Everything is Flammable by Gabrielle Bell
Bell revisits her childhood home in remote Northern California after her mother’s home, car, and belongings are suddenly swallowed up by a fire. Acknowledging her issues with anxiety, financial hardships, memories of a semi-feral childhood, and a tenuous relationship with her mother, she helps her mother put together a new home on top of the ashes.
The Particular Sadness of Lemon Cake by Aimee Bender
Rose Edelstein bites into her mother’s homemade lemon-chocolate cake and discovers she has a magical gift: she can taste her mother’s emotions. To her horror, she finds that her cheerful mother tastes of despair. Soon, she’s privy to the secret knowledge that most families keep hidden: her father’s detachment, her mother’s transgression, her brother’s increasing retreat from the world. But there are some family secrets that even her cursed taste buds can’t discern.
The Brief and Wondrous Life of Oscar Wao by Junot Diaz
Oscar is a sweet but disastrously overweight ghetto nerd who—from the New Jersey home he shares with his old-world mother and rebellious sister—dreams of becoming the Dominican J.R.R. Tolkien and, most of all, finding love. But Oscar may never get what he wants. Blame the fukú—a curse that has haunted Oscar’s family for generations, following them on their epic journey from Santo Domingo to the US.
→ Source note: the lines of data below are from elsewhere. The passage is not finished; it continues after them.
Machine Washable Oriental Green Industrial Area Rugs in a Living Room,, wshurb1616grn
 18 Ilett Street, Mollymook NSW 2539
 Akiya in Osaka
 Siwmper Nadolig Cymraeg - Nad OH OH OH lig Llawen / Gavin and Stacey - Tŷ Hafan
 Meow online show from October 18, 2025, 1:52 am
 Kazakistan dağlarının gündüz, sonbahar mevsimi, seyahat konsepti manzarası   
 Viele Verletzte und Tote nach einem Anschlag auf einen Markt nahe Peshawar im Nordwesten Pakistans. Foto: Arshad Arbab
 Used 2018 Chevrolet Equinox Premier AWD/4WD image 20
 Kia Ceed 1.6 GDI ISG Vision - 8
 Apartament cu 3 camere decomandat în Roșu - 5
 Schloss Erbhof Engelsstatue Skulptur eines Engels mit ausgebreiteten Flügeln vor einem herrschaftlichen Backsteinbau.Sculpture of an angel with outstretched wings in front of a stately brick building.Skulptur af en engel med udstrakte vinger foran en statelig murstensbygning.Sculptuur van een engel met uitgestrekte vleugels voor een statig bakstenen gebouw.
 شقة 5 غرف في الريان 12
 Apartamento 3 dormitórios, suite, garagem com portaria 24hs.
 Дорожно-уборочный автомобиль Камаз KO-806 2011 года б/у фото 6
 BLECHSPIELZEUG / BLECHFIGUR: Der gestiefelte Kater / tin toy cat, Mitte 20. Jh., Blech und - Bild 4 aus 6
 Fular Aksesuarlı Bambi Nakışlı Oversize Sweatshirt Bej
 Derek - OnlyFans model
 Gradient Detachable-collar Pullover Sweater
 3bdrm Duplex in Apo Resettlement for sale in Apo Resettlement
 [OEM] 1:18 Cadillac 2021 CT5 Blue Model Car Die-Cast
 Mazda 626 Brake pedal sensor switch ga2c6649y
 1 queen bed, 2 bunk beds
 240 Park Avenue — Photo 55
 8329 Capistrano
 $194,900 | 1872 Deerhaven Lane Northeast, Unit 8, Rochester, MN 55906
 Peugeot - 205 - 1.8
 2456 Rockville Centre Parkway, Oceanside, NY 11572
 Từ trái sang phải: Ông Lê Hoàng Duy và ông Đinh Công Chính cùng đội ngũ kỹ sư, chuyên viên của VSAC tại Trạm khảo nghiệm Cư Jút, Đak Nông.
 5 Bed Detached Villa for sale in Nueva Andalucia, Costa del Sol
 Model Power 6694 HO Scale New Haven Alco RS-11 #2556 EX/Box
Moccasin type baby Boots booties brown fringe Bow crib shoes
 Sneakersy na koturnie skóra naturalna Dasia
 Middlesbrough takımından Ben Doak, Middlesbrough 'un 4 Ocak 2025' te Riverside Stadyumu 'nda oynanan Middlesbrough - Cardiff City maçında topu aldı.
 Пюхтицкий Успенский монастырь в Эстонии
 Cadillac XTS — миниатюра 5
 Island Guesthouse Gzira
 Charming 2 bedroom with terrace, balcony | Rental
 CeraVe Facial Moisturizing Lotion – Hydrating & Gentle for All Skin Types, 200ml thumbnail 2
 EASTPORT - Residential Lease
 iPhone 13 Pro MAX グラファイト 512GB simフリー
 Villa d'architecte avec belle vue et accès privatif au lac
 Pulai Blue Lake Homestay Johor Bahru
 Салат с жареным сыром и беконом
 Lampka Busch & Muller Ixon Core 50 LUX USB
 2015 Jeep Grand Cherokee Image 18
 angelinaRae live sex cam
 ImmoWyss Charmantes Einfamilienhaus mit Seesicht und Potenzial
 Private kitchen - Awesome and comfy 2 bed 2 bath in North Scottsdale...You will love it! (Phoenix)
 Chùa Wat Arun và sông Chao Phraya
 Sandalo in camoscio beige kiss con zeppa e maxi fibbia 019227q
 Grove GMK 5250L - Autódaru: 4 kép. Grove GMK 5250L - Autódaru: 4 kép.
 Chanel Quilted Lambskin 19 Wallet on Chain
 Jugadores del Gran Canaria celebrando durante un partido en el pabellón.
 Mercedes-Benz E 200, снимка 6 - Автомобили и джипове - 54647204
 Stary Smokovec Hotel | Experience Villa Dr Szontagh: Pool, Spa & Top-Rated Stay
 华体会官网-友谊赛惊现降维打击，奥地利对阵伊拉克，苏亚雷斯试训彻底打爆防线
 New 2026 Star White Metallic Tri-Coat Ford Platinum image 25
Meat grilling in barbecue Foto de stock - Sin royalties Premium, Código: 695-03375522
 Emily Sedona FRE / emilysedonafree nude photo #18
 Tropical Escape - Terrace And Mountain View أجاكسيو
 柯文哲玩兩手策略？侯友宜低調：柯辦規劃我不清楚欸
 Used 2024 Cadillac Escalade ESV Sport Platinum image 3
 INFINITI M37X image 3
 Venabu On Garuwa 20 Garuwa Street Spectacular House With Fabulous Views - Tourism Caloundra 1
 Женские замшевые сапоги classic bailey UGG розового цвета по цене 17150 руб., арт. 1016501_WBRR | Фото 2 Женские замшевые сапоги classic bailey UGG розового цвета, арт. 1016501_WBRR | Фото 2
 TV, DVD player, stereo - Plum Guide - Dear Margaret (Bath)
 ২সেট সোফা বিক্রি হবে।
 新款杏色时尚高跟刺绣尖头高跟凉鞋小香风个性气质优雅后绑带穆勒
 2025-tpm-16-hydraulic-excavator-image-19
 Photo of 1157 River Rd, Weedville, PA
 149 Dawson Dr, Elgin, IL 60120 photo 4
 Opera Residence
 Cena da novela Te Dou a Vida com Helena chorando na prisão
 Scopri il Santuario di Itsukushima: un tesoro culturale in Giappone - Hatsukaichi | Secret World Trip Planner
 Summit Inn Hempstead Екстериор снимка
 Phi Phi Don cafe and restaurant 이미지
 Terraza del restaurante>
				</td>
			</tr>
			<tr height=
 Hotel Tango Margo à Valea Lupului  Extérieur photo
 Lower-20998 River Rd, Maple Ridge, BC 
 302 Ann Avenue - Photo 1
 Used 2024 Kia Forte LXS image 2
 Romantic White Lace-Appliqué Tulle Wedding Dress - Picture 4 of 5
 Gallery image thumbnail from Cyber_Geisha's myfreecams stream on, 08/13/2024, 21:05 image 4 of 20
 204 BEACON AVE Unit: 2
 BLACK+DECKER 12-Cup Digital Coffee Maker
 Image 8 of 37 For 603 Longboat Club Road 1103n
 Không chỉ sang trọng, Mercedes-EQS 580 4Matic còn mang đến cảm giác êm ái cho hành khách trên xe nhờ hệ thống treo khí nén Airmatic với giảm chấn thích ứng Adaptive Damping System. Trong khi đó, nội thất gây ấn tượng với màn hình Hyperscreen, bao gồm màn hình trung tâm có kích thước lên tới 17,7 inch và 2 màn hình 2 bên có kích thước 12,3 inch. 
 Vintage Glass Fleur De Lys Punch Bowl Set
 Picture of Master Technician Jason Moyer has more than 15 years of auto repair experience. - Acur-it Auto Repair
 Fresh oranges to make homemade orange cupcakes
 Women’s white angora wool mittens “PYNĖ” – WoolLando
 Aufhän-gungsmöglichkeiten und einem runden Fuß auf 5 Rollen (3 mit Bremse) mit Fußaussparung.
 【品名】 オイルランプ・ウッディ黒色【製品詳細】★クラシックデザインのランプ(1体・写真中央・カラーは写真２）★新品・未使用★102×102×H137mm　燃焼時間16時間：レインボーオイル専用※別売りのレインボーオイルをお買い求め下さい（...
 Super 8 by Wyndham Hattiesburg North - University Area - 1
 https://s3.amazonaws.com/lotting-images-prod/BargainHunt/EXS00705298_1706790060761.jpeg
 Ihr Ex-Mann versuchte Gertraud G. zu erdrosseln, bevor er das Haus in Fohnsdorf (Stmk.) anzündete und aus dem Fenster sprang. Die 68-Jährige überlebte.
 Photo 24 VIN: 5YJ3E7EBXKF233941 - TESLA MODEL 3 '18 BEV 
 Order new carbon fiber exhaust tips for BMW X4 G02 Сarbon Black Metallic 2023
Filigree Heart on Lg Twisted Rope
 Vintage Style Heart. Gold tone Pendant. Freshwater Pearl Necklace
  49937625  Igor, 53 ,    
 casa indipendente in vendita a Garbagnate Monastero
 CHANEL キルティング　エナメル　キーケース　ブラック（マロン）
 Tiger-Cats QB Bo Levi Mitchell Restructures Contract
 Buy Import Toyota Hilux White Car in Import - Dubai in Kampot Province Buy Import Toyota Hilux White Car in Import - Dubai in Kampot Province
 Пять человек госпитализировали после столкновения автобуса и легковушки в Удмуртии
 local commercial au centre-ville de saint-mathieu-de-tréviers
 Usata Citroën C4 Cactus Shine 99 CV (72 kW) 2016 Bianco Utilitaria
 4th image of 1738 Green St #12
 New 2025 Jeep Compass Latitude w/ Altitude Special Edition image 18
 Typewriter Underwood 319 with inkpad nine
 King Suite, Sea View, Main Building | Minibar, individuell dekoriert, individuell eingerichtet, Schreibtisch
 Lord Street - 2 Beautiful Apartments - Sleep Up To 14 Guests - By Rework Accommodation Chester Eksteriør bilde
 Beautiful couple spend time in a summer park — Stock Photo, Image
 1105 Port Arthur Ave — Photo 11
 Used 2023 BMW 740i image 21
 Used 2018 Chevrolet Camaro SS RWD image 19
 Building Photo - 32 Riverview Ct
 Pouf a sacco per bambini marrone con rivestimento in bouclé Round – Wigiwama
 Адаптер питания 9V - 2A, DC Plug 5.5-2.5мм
Salvage the Bones Jesmyn Ward
As the twelve days that make up the novel’s framework yield to their dramatic conclusion, this unforgettable family—motherless children sacrificing for one another as they can, protecting and nurturing where love is scarce—pulls itself up to face another day.
The Blue Hour by Jennifer Whitaker
Fairy tales both familiar and obscure create a threshold, and The Blue Hour pulls us over it. With precise language and rich detail, these poems unflinchingly create an eerie world marked by abuse, asking readers not just to bear witness but to try to understand how we make meaning in the face of the meaningless violence.
One Hundred Years of Solitude by Gabriel García Marquez
The story of the rise and fall, birth and death of a mythical town of Macondo, told through the history of the Buendia family. If you somehow haven’t read this yet, now is a good time.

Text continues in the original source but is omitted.